Merge Files - Unstructured Data
This workflow demonstrates how to merge data from different unstructured files and create a new, cleaned table. Data often comes from different sources and datasets usually have different table structures and are not always structured identically.
In this example, we access data from three different Excel files. The goal is to combine the information contained in the three datasets, however, each file has a different, unstructured format that might be an obstacle when analyzing the data:
Olympic_Athlete_Bio.xlsx: Contains personal information about Olympics athletes, however, for one athlete the nationality is missing (USA).
Olympic_Athlete_Event_Results.xlsx: Contains the athlete event results of the 1920-2020 Summer Olympic Games. The header on top needs to be excluded from the table.
Olympic_Games.xlsx: Contains additional information about the Summer Olympic Games, however, the empty columns and rows need to be cleaned.
We start by accessing each Excel file.
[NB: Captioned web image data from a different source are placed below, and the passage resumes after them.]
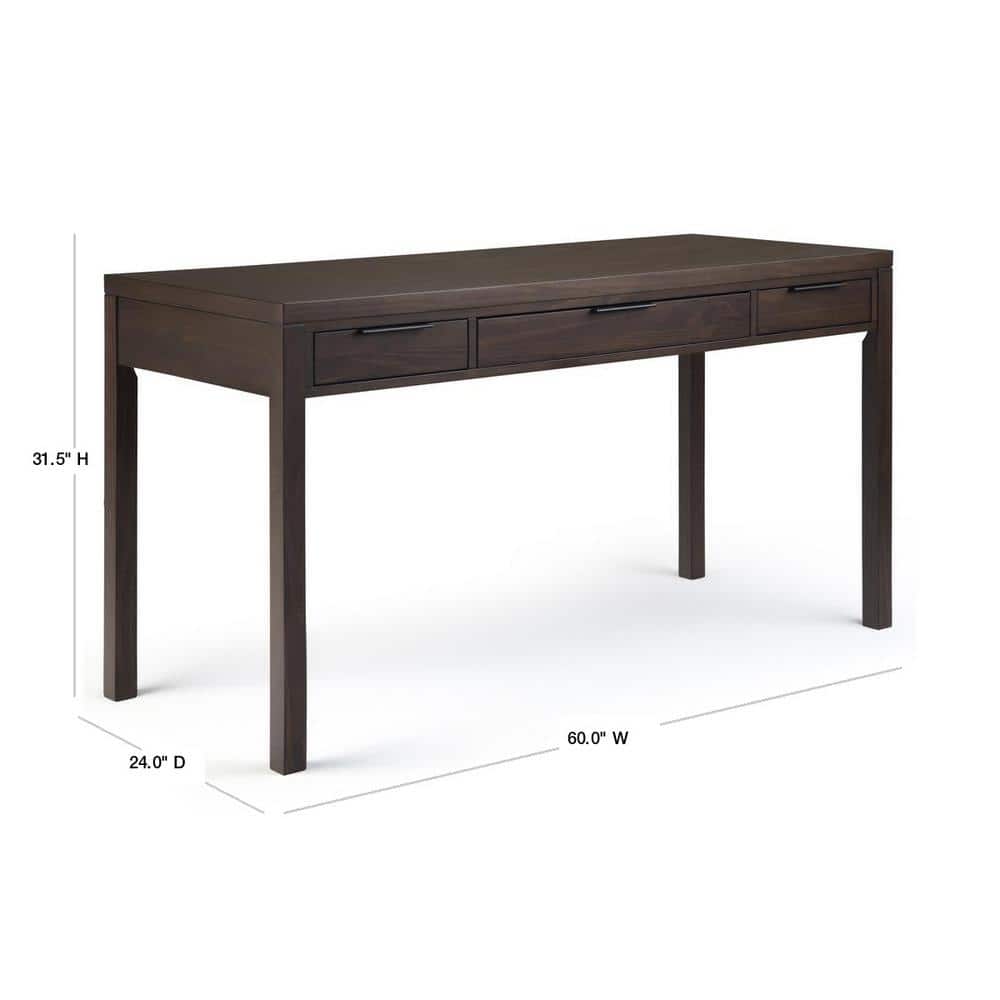 Hollander Warm Walnut Solid Pine 60" Home Office Desk with Keyboard Tray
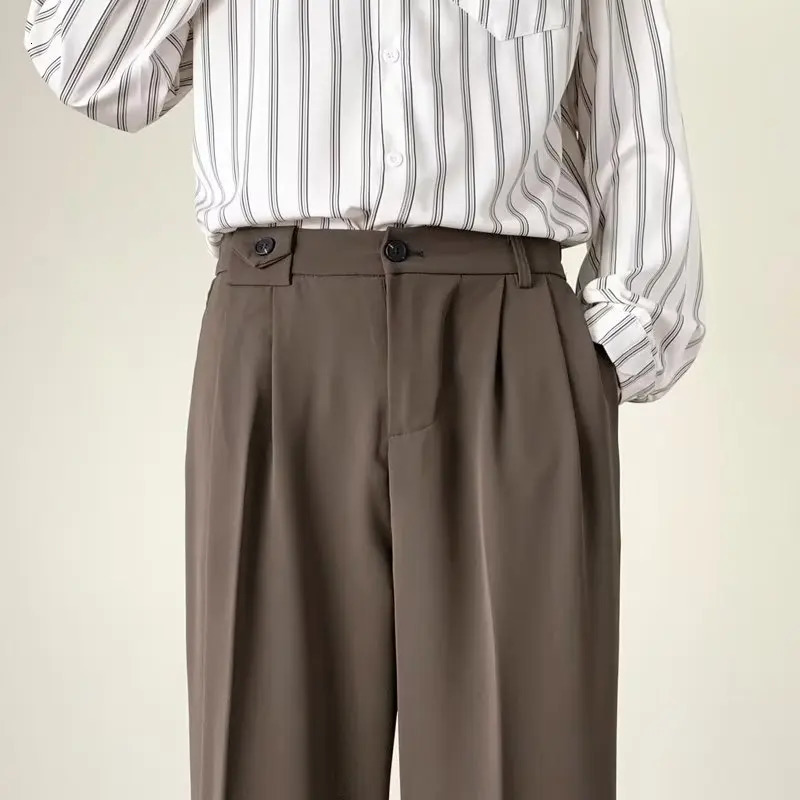 Brown Black Suit Pants Men Fashion Social Mens Dress Korean Loose Straight Wide Leg Office Formal Trousers 240625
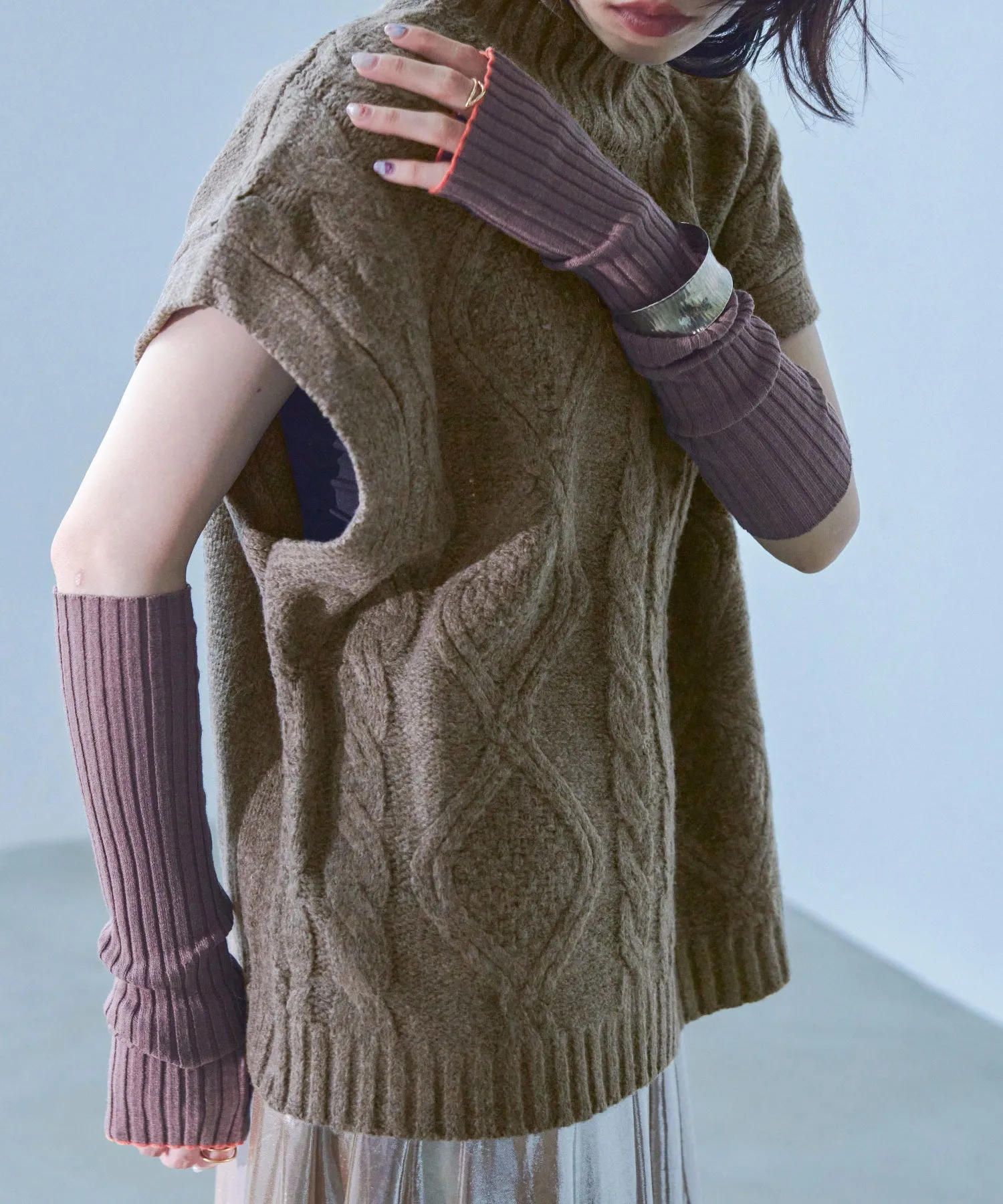 Cable Knit Turtleneck Vest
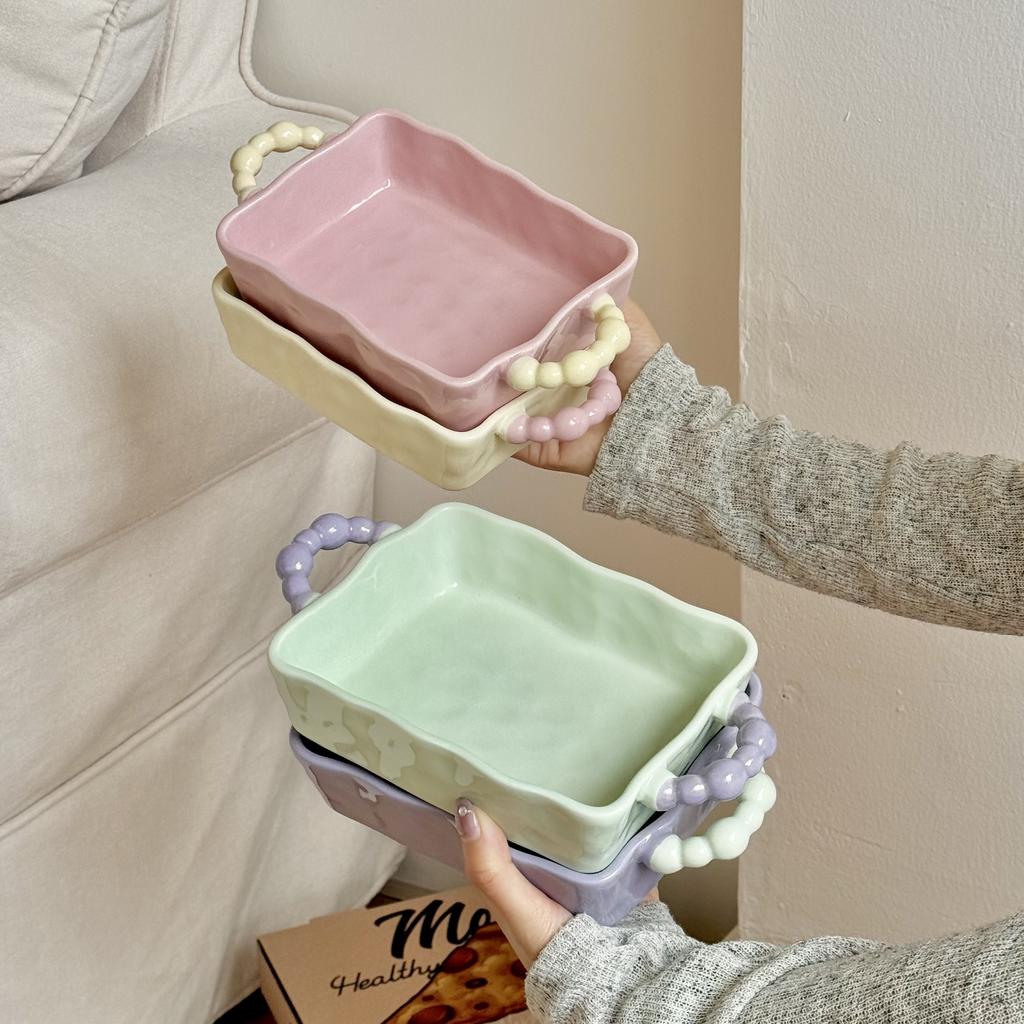 Противень для выпечки риса с сыром Single Ins, керамическая миска с двойным ушком, ручная форма для выпечки, бытовая микроволновая печь, десертная тарелка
Check the node monitor to observe how the data was imported into KNIME Analytics Platform. We proceed to fix the issues and bring the three files into a standardized format, so that we can then merge the tables. Lastly, we deal with missing values and then write the cleaned and transformed data table to a new Excel file.
For a detailed overview of each node in this workflow, refer to the workflow description in the Info panel.
💡 To view each node's configuration, select the node and see the configuration pane on the right side of the workflow editor.